Saturday, January 13, 2007

Movie Review: The General 5 Stars

Buster Keaton’s magnum opus, canonized by the National Film Registry, the AFI’s Top 100 Films of the Decade, and umpteenth other Best of… lists, The General is a remarkable milestone in filmmaking history, both for the art and science thereof.

Based on the true adventure of Andrew’s Raiders, The General is the story of train engineer Johnny Gray (Keaton), a son of the South who, at the onset of the Civil War, attempts to enlist. He is thwarted in his efforts by the recruiters who feel the South is better served with Johnnie as a civilian engineer. Johnny’s girlfriend Annabelle Lee believes he didn’t enlist because of cowardice and refuses to even see Johnny until he is in uniform.

CUT TO: A year later. Northern spies have infiltrated the South and stolen The General, Johnny’s train, to cut off supply lines to Confederate troops. Valiantly, Johnny chases after the Union soldiers, first on foot, then on pullman’s cart, and finally on another locomotive. Johnny discovers that Annabelle has been taken prisoner. In a daring rescue, he whisks her from under the noses of Yankee officers and absconds with The General, steaming back to Division Headquarters to alert Southern generals of the Union army’s approach.

If it sounds like an action/adventure rather than a comedy, that’s because it is.
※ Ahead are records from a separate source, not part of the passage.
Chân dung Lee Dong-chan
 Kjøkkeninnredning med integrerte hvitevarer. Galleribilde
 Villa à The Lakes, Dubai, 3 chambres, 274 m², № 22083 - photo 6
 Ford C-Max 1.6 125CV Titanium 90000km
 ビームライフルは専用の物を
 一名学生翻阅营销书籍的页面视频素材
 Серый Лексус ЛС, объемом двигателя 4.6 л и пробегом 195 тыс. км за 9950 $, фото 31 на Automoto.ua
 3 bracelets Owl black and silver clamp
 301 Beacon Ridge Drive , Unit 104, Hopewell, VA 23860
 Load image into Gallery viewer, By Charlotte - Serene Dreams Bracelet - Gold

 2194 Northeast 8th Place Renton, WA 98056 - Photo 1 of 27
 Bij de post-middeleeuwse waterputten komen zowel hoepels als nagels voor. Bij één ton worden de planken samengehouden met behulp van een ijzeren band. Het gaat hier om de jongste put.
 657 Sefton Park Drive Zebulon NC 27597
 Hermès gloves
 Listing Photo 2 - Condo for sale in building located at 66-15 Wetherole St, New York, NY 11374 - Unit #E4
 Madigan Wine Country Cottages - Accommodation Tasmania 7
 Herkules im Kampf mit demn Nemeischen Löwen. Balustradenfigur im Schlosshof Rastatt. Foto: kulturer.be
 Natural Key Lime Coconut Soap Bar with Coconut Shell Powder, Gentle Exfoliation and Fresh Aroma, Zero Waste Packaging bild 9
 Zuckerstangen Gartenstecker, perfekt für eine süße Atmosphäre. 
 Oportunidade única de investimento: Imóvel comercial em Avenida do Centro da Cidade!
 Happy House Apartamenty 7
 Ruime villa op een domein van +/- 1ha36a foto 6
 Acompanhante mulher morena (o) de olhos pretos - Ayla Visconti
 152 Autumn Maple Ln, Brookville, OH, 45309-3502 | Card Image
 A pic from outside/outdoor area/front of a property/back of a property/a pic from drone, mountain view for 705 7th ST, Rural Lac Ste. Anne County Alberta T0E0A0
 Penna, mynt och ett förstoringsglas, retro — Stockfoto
Not that The General isn’t funny. It’s hilarious. Keaton was a masterful clown, frankly unrivaled as a physical comic. Today’s equivalent would be the films of Jackie, although it’s a shallow comparison, and I mean that with all due respect to Jackie Chan, who is supreme. But Keaton was uberklown, the mastermind and originator of action sequences and techniques of stuntmanship that will continue to be imitated forever.

The ingenuity and scale of The General, with its nonstop onslaught of thrills and bits and gags, raised the bar for filmmaking. Keaton’s ouvre , in terms of incredibly choreographed action, dangerous stunts (performed by Keaton himself), and the sheer largeness of it all, was seldom matched. Even with the CGI and robo-cams and whatever other pyrotechnics and hullaballoo filmmakers employ today to thrill audiences, I don’t think you can find a more action-packed hour-and-a-half than The General.